[[ Material for this task, beginning ]]

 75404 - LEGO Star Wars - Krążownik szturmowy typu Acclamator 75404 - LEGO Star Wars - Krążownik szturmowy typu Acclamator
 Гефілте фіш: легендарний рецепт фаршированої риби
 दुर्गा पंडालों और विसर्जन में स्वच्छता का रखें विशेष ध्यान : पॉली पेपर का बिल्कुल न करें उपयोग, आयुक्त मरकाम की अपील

[[ Material for this task, end ]]
[[ Material for this task, beginning ]]

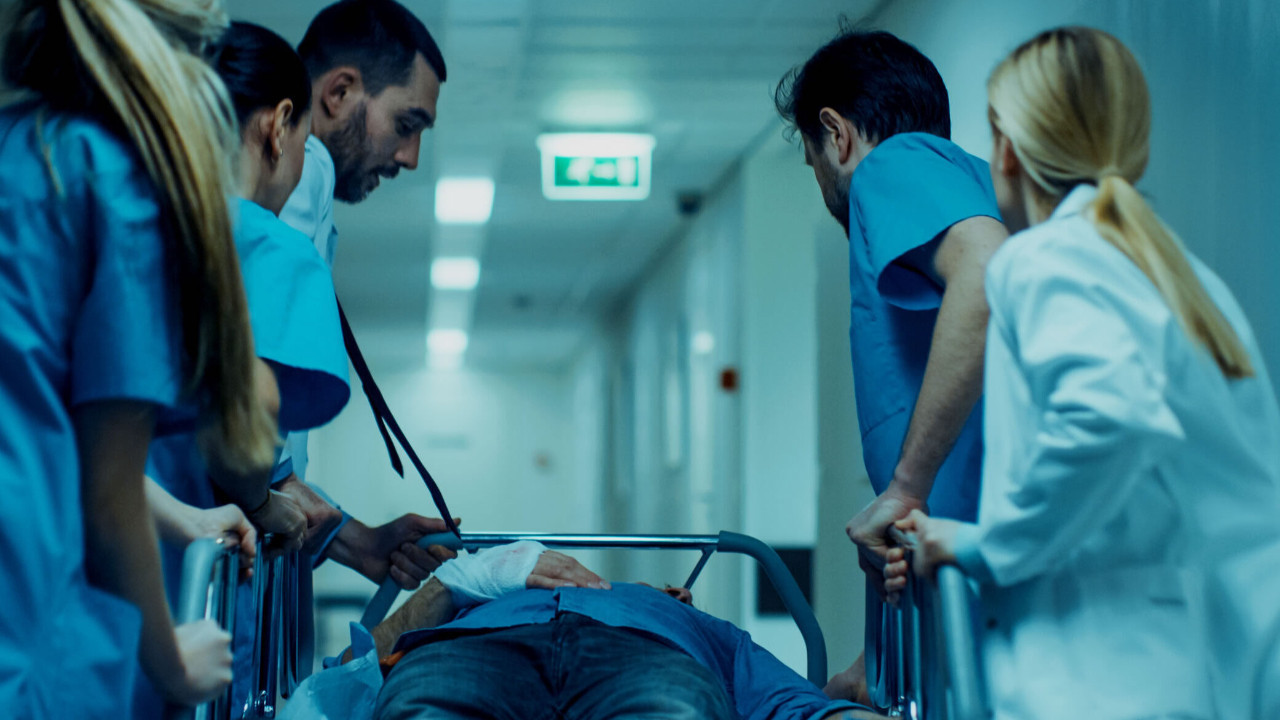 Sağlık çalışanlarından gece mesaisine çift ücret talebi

[[ Material for this task, end ]]
[[ Material for this task, beginning ]]

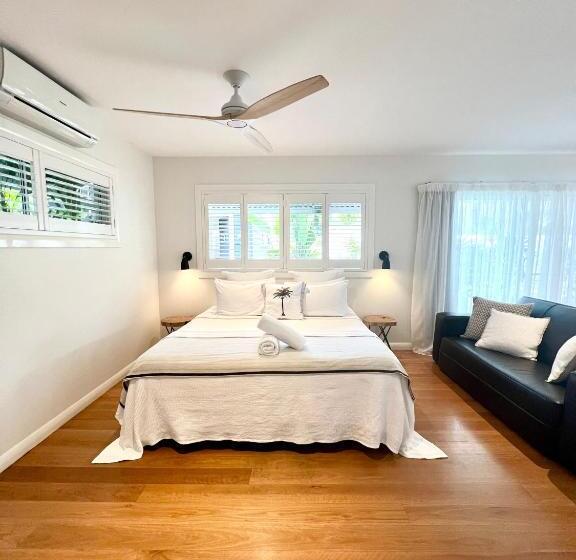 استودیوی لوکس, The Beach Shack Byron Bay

[[ Material for this task, end ]]

■ **Work required**: Scan the entries above for the line containing "Гефілте фіш: легендарний", and copy it and all lines after it exactly, down to and including the line containing "दुर्गा पंडालों और".

■ **Solution to this exercise**:
 Гефілте фіш: легендарний рецепт фаршированої риби
 दुर्गा पंडालों और विसर्जन में स्वच्छता का रखें विशेष ध्यान : पॉली पेपर का बिल्कुल न करें उपयोग, आयुक्त मरकाम की अपील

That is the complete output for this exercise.